Trump, Çin ile ekonomik rekabet stratejisinde tarifeleri kullanarak, ABD’ye yatırım çekme, yerel imalat sanayisini canlandırmayı ve ekonomik güvenliği sağlamayı hedefliyor.

Gümrük tarifelerini artırılmasını savunan Trump ve destekçileri, Çin’deki devlet destekli sanayi politikasının adil rekabete zarar vererek Amerikalı üreticileri dezavantajlı konumda bıraktığını, bu sebeple gümrük vergilerinin, bu politikayı dengelemek üzere “karşı-tedbir” olarak uygulanmasını tercih ediyor.

ABD’nin küresel imalattaki payının 1980’lerde yüzde 25 iken 2020’lerde yüzde 10’a kadar gerilemesine işaret eden Trump ve destekçileri, 1992’de Kuzey Amerika Serbest Ticaret Anlaşması’nı (NAFTA) imzalamasını ve Çin’in 2001’de dünya ticaret örgütüne üye olmasının bunda etkili olduğunu, serbest ticaretin imalat alanında ABD aleyhine bir durum yarattığını vurguluyor.

Çin’e karşı şahin tutum alan isimler kilit bakanlıklara aday

Trump’ın yeni kabinesinde ekonomi alanındaki kilit bakanlıklara Çin’e karşı şahin tutumlarıyla bilinen isimleri aday göstermesi de yeni dönemdeki politikalara ilişkin önemli ipucu olarak görülüyor.

Donald Trump’ın, Ticaret Bakanlığına aday gösterdiği, Wall Street’ten yatırım bankacısı Howard Lutnick, gümrük tarifelerini savunan bir isim olarak biliniyor.

Lutnick, bir röportajında ABD’nin 20. yüzyılın başındaki ekonomik büyümesinde ve refah artışında gümrük tarifelerinin önemli etkisi olduğuna işaret ederek, “Dünyanın geri kalanına tarife uygulamanız gerek. Onları dışarıda bırakacak ve imalatı yeniden ülkeye getireceksiniz.” ifadesini kullanmıştı.

Çin’i, ABD’de yaygın bir bağımlılık krizine yol açan fentanil maddesinin ana kaynağı olmakla suçlayan Lutnick, “Çin, ABD’ye göbeğinden saldırıyor.” diye konuşmuştu.
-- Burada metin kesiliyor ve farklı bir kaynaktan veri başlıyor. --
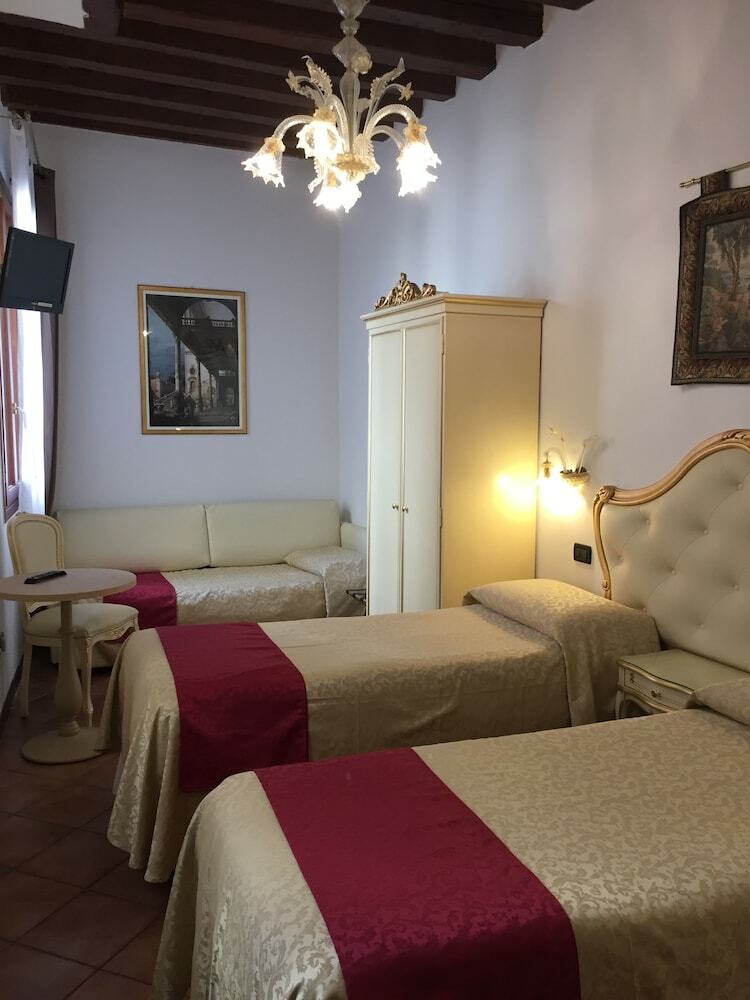 Locanda Ss. Giovanni E Paolo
Trump’ın, Hazine Bakanlığına aday gösterdiği, yine Wall Street’ten gelen bir isim olan, yatırım fonu yöneticisi Scott Bessent de bir röportajında, “Diğer ülkeler ABD’nin açıklığını uzun zamandır istismar etti, biz de buna müsaade ettik. Tarifeler, nihayetinde Amerikan halkının arkasında durmanın bir aracı.” değerlendirmesinde bulunmuştu.

Bessent, ABD’nin Fox News televizyonu için kaleme aldığı görüş yazısında, ABD’nin pazarlarını dışa açarken bundan faydalanan Çin’in ekonomik büyümesinin ise “despotik bir rejimin varlığını pekiştirdiği” görüşünü paylaşmıştı.

– Tedarik zincirleri kökten değişebilir

Trump’ın ilk dönemindeki ticaret savaşı, Çin’in küresel ticaretteki konumunda önemli bir değişime yol açmadı. IMF rakamlarına göre, ülkenin küresel ticaretteki payı 2017-2019 yıllarında yüzde 9 ila 10 arasında seyrederken, Faz-1 anlaşmasının imzalandığı 2020’de yüzde 10,3’e yükseldi.

Öte yandan tarifeler, Çin’in dış ticaretindeki ABD payını azalmasına sebep olmasına rağmen ülkenin ABD’ye ihracatının parasal değeri arttı. Çin Gümrükler Genel İdaresi verilerine göre, ABD’de dış satım 2017’de 429,72 milyar dolar ile toplam ihracatın yüzde 18,9’unu oluştururken, 2023’te 500,24 milyar dolara ulaşmasına rağmen toplam ihracat içindeki payı yüzde 14,8’de kaldı.

Çin bu dönemde jeopolitik olarak yakın durduğu Rusya’nın yanı sıra, Güney Doğu Asya ve Orta Doğu ülkelerine ihracatını artırarak dış ticaretini çeşitlendirmeyi başardı. Ancak ABD hala Çin’in açık ara en büyük ticari ortağı konumunda bulunuyor.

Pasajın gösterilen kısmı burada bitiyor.